Shortly after midnight on December 8th, men from the 8th Indian infantry Brigade based in Kota Bharu spotted 3 large ships and were shelled by them. Even though rough weather and sea caused some small landing craft to capsize, drowning some japanese soldiers but despite that, the japanese captured the beach head of Kota Bharu and the air base as well, forcing british forces to withdraw.
By 10th of December the Japanese had advanced into the Kedah Province and by December 12th, the town of Jitra had been taken. On December 17th, General Percival decided to hold a line of troops at the Perak river but was broken down on December 26th. By January 7th, the Japanese also crossed the Slim river.

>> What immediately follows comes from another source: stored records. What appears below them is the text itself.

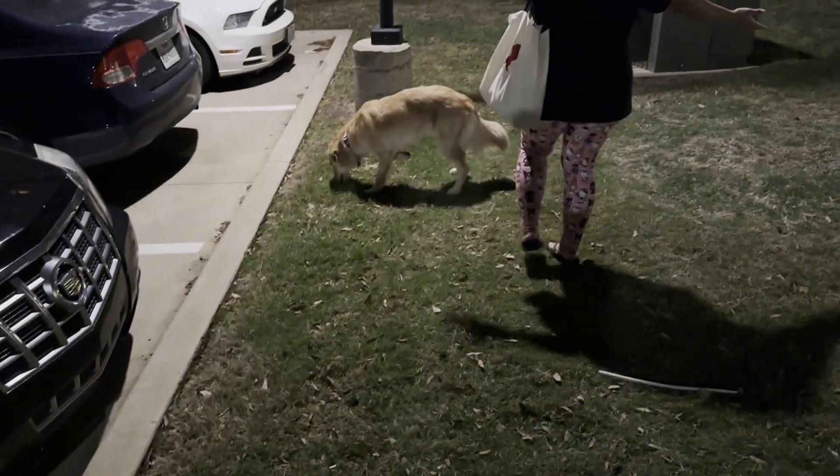We finally made it! After a long morning of waking up early, moaning and groaning, taking the pup over to the babysitter, we finally made it to one of the nicest hotels in Mexico — the Grand Palladium.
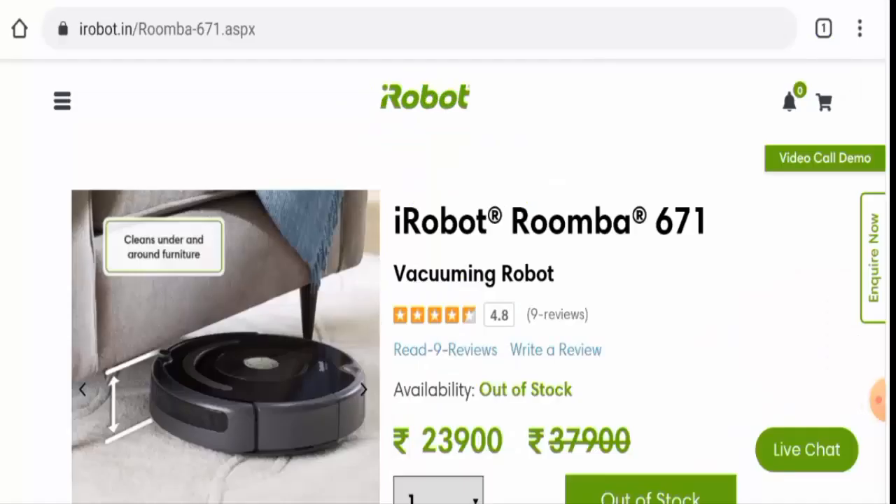Hello guys, hope you're all doing well. Do you want to know about the iRobot Roomba 671 reviews? Here we are going to update you with this unbiased review in this video, so please stay connected with us.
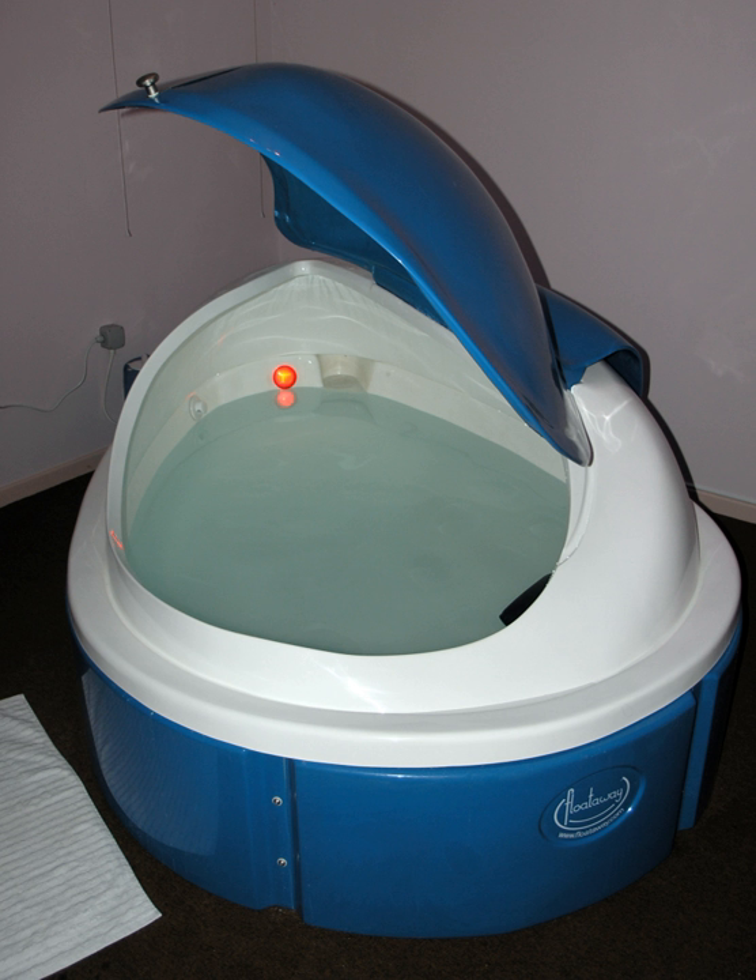Some use the extended theta state as a tool for enhanced creativity and problem solving. Spas sometimes provide commercial float tanks for relaxation. Flotation therapy has been academically studied in the US and Sweden, with published results showing reductions of both pain and stress. The relaxed state also involves lowered blood pressure, lowered levels of cortisol, and maximal blood flow. Apart from physiological effects, REST seems to have positive effects on well-being and performance.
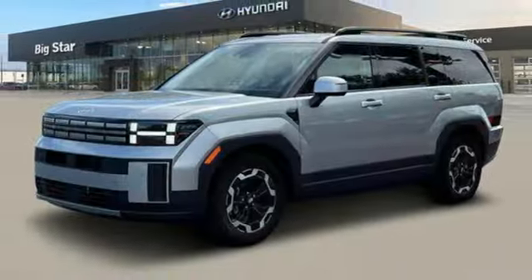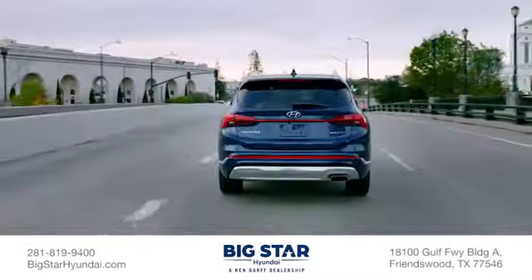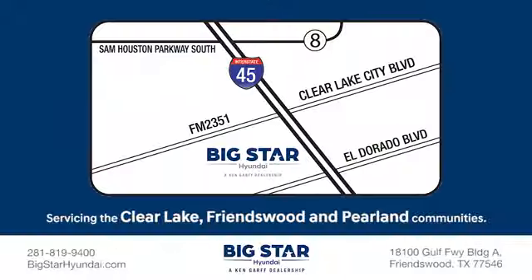The time is now. See it for yourself today. We're family-owned and operated, so our earnings continue to feed right back into the Clear Lake, Friendswood and Pearland communities.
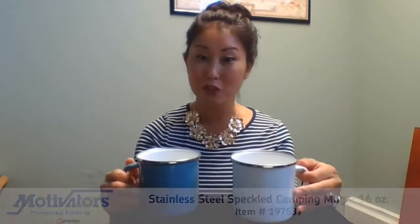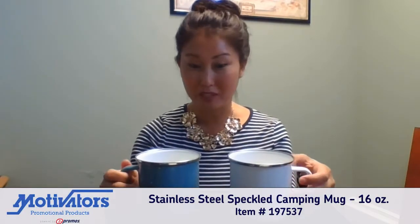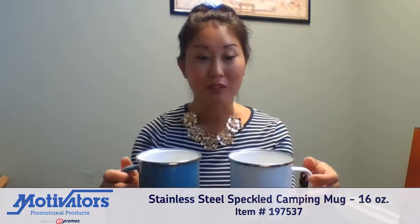Hi, it's Lori with Motivators promotional products. With the weather cooling down, I wanted to show you our speckled campfire mugs. These are made out of high quality kitchen-grade stainless steel and come in seven different colors right now: black, blue, green, red, navy, white, and teal.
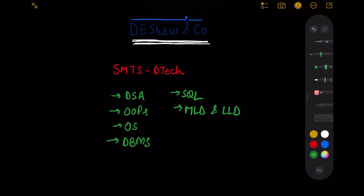Post these rounds, there were some behavioral and hiring manager discussions. That sums up my interview experience with D.E. Shaw. In case you are preparing for D.E. Shaw, I hope you find this video helpful. Feel free to drop a comment with any questions or queries, and thanks for watching — take care, bye bye.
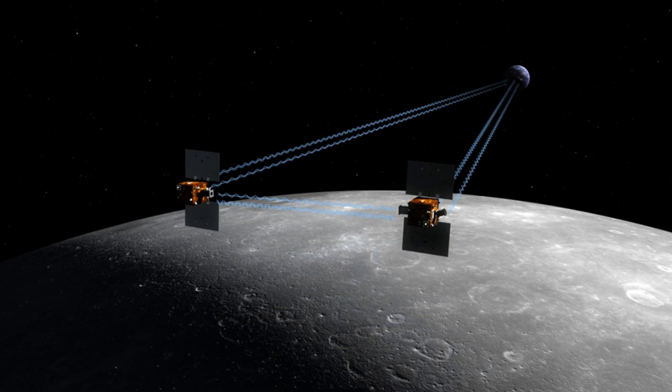Each spacecraft transmitted and received telemetry from the other spacecraft and Earth-based facilities. By measuring the change in distance between the two spacecraft, the gravity field and geological structure of the Moon was obtained. The two spacecraft were able to detect very small changes in the distance between one another — changes as small as one micron were detectable and measurable. The gravitational field of the Moon was mapped in unprecedented detail.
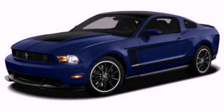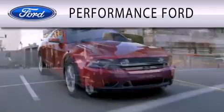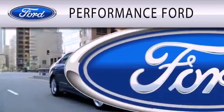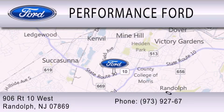Contact us today to arrange your test drive. Performance Ford is dedicated to doing everything possible to ensure that the experience you have selecting your vehicle is as pleasant as possible. We are located at 906 Route 10 West in Randolph.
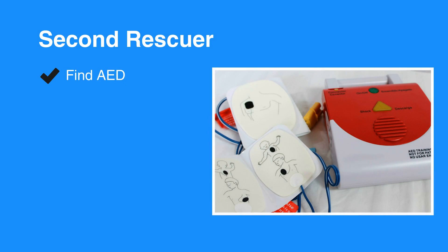When the second rescuer returns, the CPR tasks can be shared. The steps for CPR are similar between 1-Rescuer and 2-Rescuer BLS. However, there are some slight differences. Let's review the 2-Rescuer CPR steps.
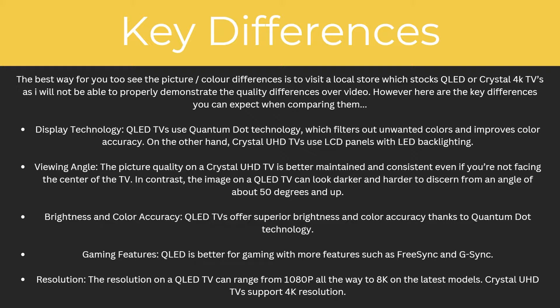There is also a difference in brightness and colour accuracy. QLED TVs offer superior brightness and colour accuracy thanks to their quantum dot technology. Similarly, QLED is also better for gaming, with more features such as FreeSync and G-Sync.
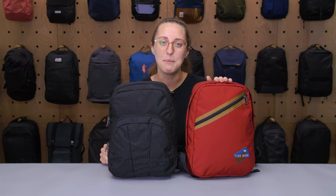I'm Lauren with Pack Hacker and today we're going to be taking a detailed look at the Tombin Zeitgeist and the Tombin Paradigm, comparing the two. If you found this video helpful, be sure to give it a thumbs up so we can keep helping you find the right gear. Let's dive in.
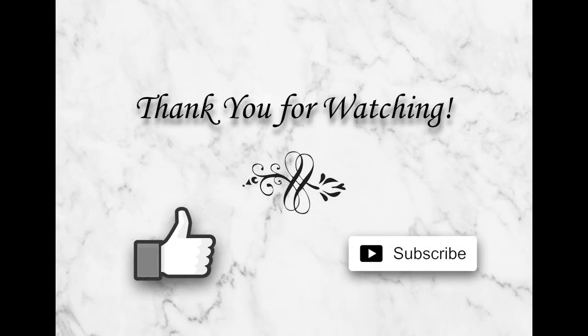Thank you so much for watching. I hope you enjoyed the video. Please don't forget to subscribe and hit the notification button if you want to see future videos. Until next time, bye bye.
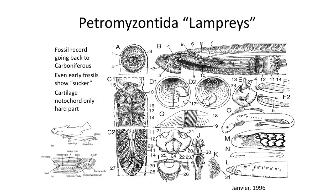Lampreys, like some fossil agnathid fish, have a hypophysical pouch, which is a unique opening at the top of the head used as a chemosensory conduit for water to pass near the olfactory bulbs in the brain.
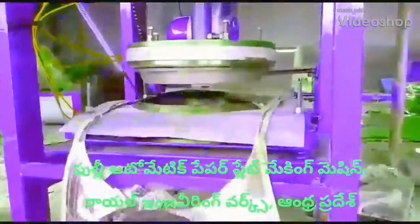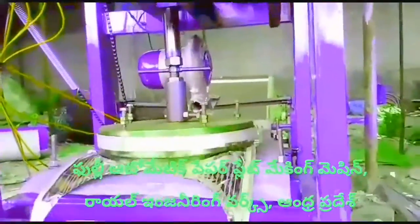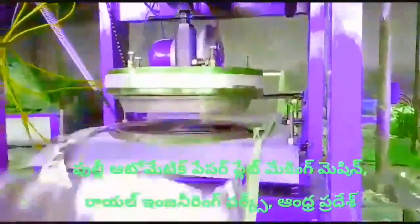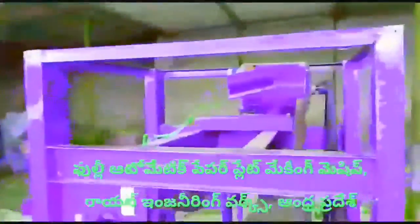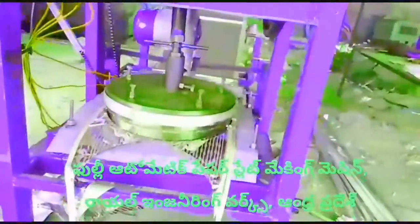Welcome to the Royal Engineering Works paper plate making machine. This machine is a full-automatic paper plate making machine. In this full-automatic paper plate machine, only the table is placed in the table.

On January 11th, the Japanese arrived into Kuala Lumpur and the British formed a 3rd defensive line at the Muar river but was broken down. By 31st January, the only possible plan left was to destroy the causeway that linked Singapore and Malaysia as Malaysia was taken by the Japanese.
iii. The destruction of the war in Malaya
Through the war, British Air Bases were bombed by Japanese planes. Penang then a British island garrison, suffered devastating aerial bombardments and finally fell to invading Japanese forces on 19 December 1941 as the British withdrew to Singapore after declaring George Town an open city. Penang under Japanese occupation was marked by widespread fear, hunger, and massacres. The Causeway that goes between Singapore via Malaya was blown up in the process by the British to slow down the invasion forces.
British Royal Engineers blowing up bridge
Malaya was a major prize for the Japanese. It produces 38% of the world's rubber and 58% of the world's tin. Singapore (which was part of Malaysia back then) was prized as a valuable military base in the area and to minimize British authority in the area as well.